§ ABOUT THIS TASK
Leave the pictures out and write out the rest of the listing word for word.

§ EXTRACTED DATA
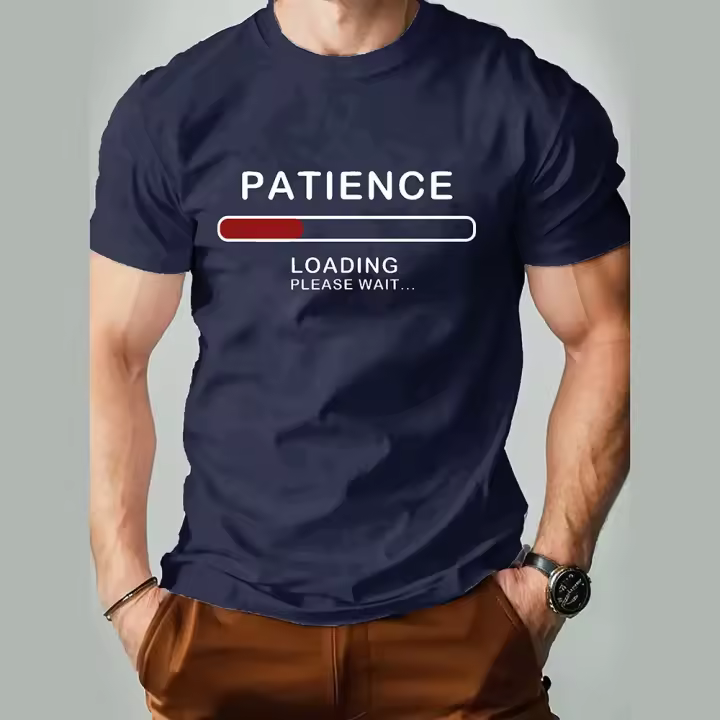 2024 ropa informal para hombre, camiseta de manga corta a la moda de verano para hombre, camiseta sencilla de gran tamaño para hombre, camiseta con estampado de letras - 1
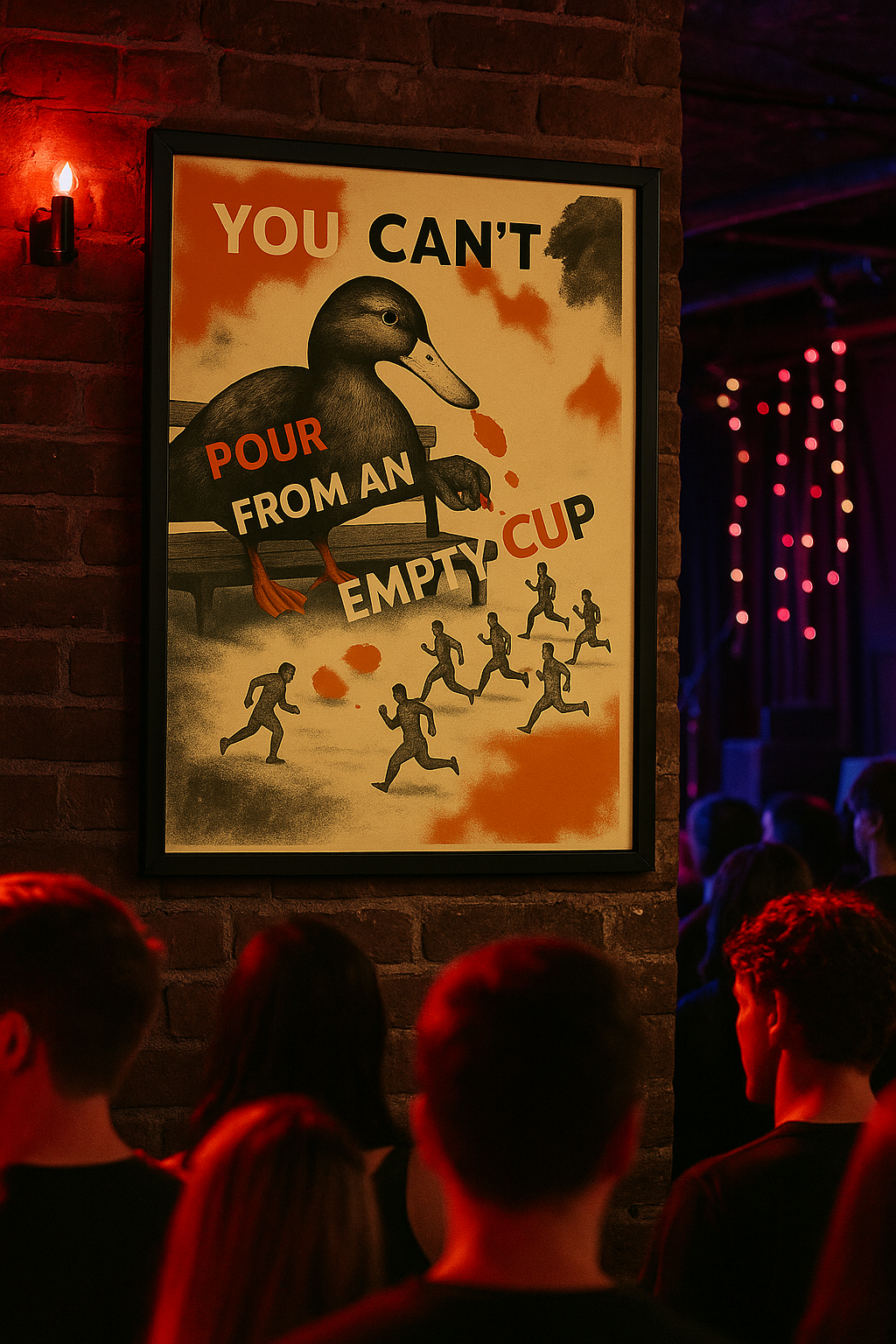 Stylish Wall Art | An Empty Cup | Retro Graphic Design Poster | LINEHAUS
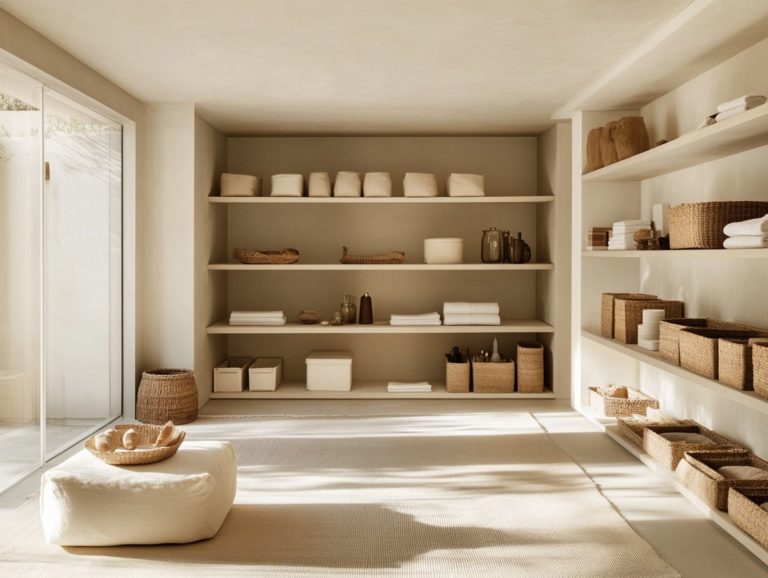 How to Create a Minimalist Storage System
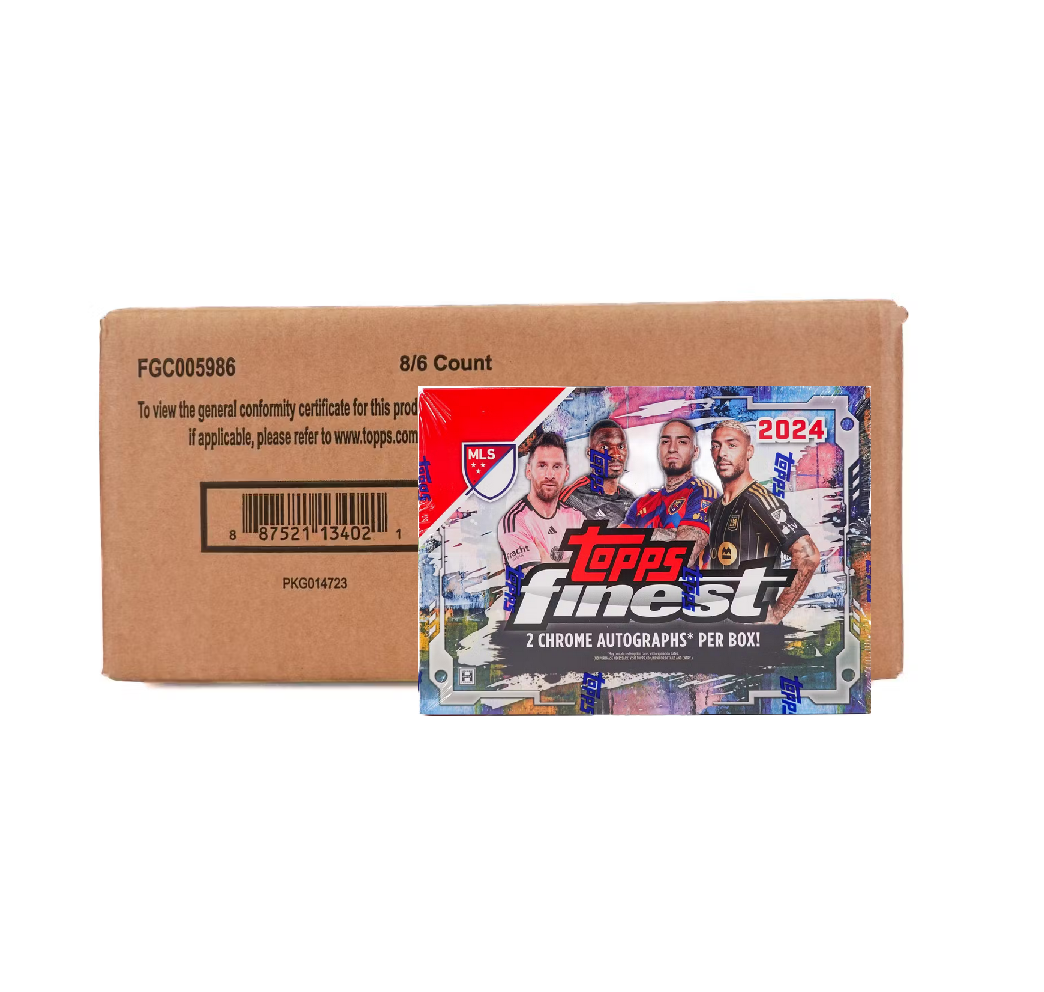 2024_Topps_Finest_MLS_Soccer_Hobby_8-Box_Case2 2024 Topps Finest MLS Soccer Hobby 8-Box Case - Image 1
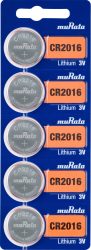MURATA Lithium CR2016 BL5 elem (20/karton)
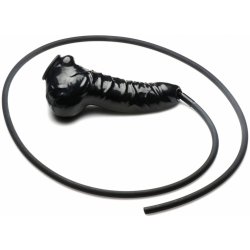 Master Series Guzzler Realistic Penis Sheath with Tube Black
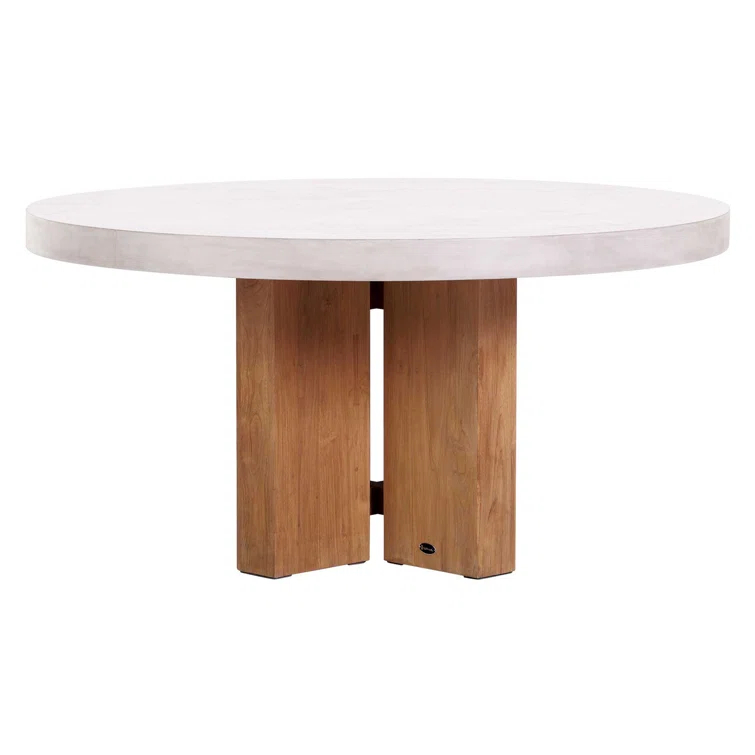 Seasonal Living Java Round Concrete Outdoor Dining Table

§ ANSWER BELOW
 2024 ropa informal para hombre, camiseta de manga corta a la moda de verano para hombre, camiseta sencilla de gran tamaño para hombre, camiseta con estampado de letras - 1
 Stylish Wall Art | An Empty Cup | Retro Graphic Design Poster | LINEHAUS
 How to Create a Minimalist Storage System
 2024_Topps_Finest_MLS_Soccer_Hobby_8-Box_Case2 2024 Topps Finest MLS Soccer Hobby 8-Box Case - Image 1
MURATA Lithium CR2016 BL5 elem (20/karton)
 Master Series Guzzler Realistic Penis Sheath with Tube Black
 Seasonal Living Java Round Concrete Outdoor Dining Table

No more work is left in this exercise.